Nigel Tao

JPEG Chroma Upsampling

JPEG images are lossy. Part of the JPEG mechanics is a transformation from RGB (Red, Green, Blue) values to YCbCr (Luma, Chroma-blue, Chroma-red) values. That by itself is only slightly lossy (it’s a linear transformation, which is theoretically reversible but practically subject to rounding errors). A bigger source of loss (and hence compression) is that, since human eyes are more sensitive to luma and less sensitive to chroma, JPEG images typically subsample the chroma. “4:2:0” chroma subsampling is very common, where e.g. an 800×600 pixel image (which would be 800×600 values for R, G and B each, totalling (800×600 + 800×600 + 800×600) = 1,440,000 values) would have 800×600 Y values but only 400×300 for Cb and Cr, totalling (800×600 + 400×300 + 400×300) = 720,000 values. 4:2:0 YCbCr only needs half the number of bytes as 4:4:4 RGB, before you apply all of the other compression techniques in JPEG’s toolbox.

When decoding a JPEG image, there is some flexibility in what constitutes a “correct” decoding.
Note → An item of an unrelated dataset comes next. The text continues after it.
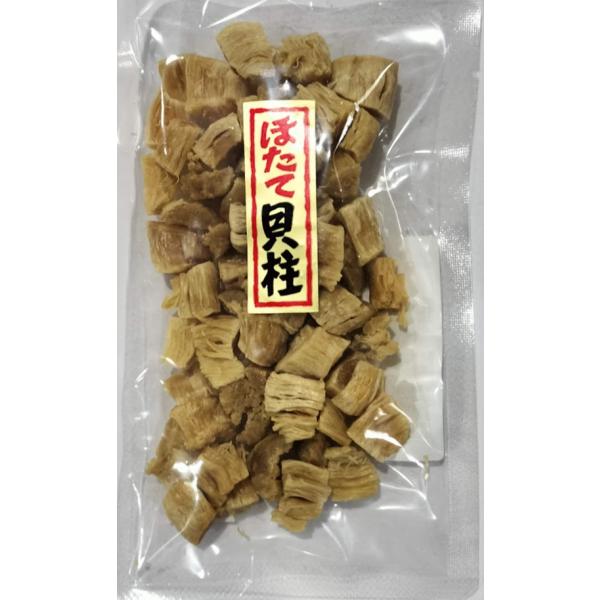 噛むほどに味わい深いホタテの貝柱。ほろほろと崩れやすく、食べやすい干し貝柱です。(割れ貝柱です。ご了承の上お買い求めください。）●原材料：ホタテ(国産)、食塩●内容量：80g●保存方法：直射日光・高温多湿を避け、常温で保存●賞味期限：90日...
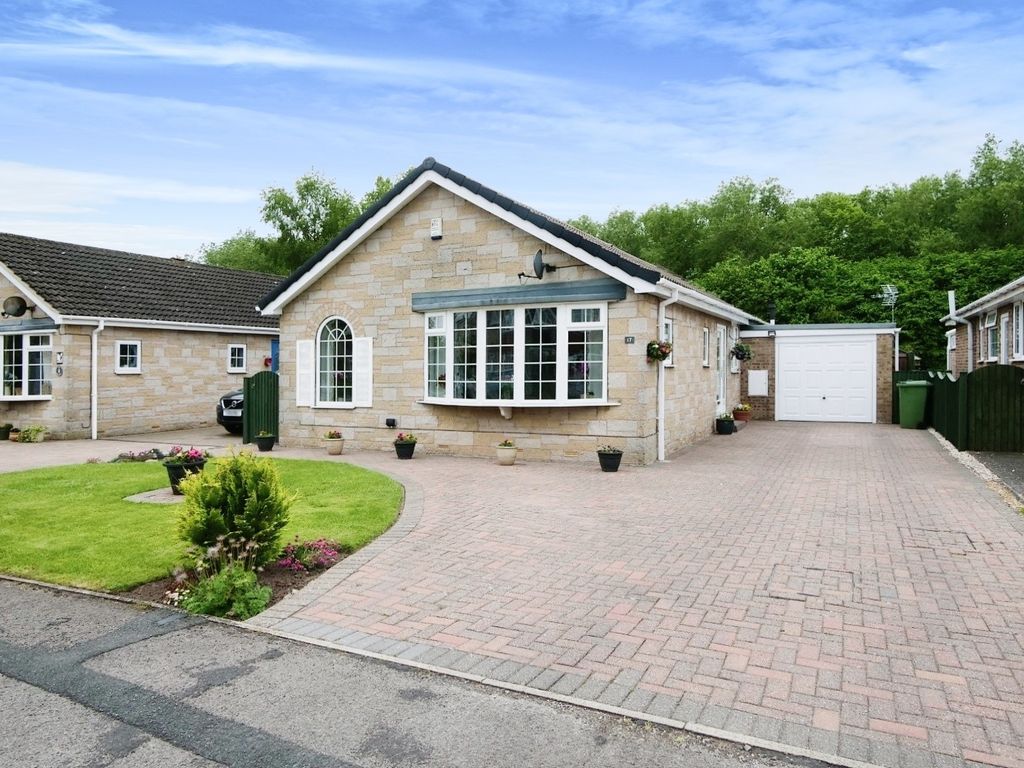 3 bed detached bungalow for sale in Sandringham Close, Haxby, York YO32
The libjpeg-turbo library has three different IDCT (Inverse Discrete Cosine Transform) implementations (jidctflt.c, jidctfst.c and jidctint.c) and they’re all specification-compliant, trading off speed, quality or “no floating point hardware needed”.

Similarly, when reconstructing 800×600 chroma values (for the YCbCr to RGB reverse linear transformation) from the 400×300 values encoded in the lower levels of a JPEG file, there is some flexibility in how a decoder implementation can upsample. Libjpeg-turbo has a boolean do_fancy_upsampling configuration field (defaulting to true) that chooses different upsampling algorithms: “fancy” means to use a triangle filter and “not fancy” means to use a box filter. The wuffs library (without further configuration) exactly matches libjpeg-turbo’s output (it implements the same triangle filter) but you can likewise activate a WUFFS_BASE__QUIRK_QUALITY__VALUE__LOWER_QUALITY configuration switch for (lower quality) box filtering.

One reason you’d want to opt into lower quality is that it needs less temporary memory. More on that later. But when considering that trade-off, you might also want to visualize what the quality difference actually is. This blog post shows three examples of that.

Bricks Example

The first example is a photo I took of some toy bricks. My photo was scaled and then re-encoded to JPEG using cjpeg’s default quality setting. Unlike viewing a lossless PNG (which has only one correct decoding), if you’re viewing this lossy JPEG in a web browser, what pixels you see exactly depends on whatever chroma upsampling algorithm your browser was configured with. Here’s three images:

Bricks (JPEG)

Bricks (PNG, box)

Bricks (PNG, triangle)

If the difference in the last two isn’t obvious, here’s a 16× magnification comparing box (left) vs triangle (right) for two excerpts. For chroma (red vs blue vs yellow vs green) and ignoring luma (brightness, roughly), note how the left-hand images are blockier and clump tighter to the 2×2 subsampling boundaries (cornered by the white dots on the black grid lines).

Bricks (comparison)

Here’s complete 16× magnifications for bricks (box) and bricks (triangle). You can open those links in two separate browser tabs and toggle between them. The brightness appears to change at the chroma transition edges because upsampling doesn’t do gamma-aware interpolation.

Box vs Triangle Filtering

Consider upsampling 8 inputs (equally spaced along an x-axis: 0, 1, 2, …, 7; the y-axis height is the input value) to create 16 outputs (again, equally spaced horizontally: 0L, 0R, 1L, …, 7R). A simple solution is to duplicate every input value, going from black circles to red squares in the animation below.

1D filter

A complex solution is to linearly interpolate between the black circles, again subject to “equally spaced horizontally”, producing the blue diamonds. A 1:2 ratio of input samples and output samples means that, other than the edge cases, each blue diamond’s height is a 3:1 weighted average of the 1st-closest and 2nd-closest (closest horizontally) black circle’s height. For one dimensional upsampling, as shown in the animation, it’s 3:1. For two dimensional, as used for a two dimensional JPEG image, it’s a 9:3:3:1 weighted average of four input samples.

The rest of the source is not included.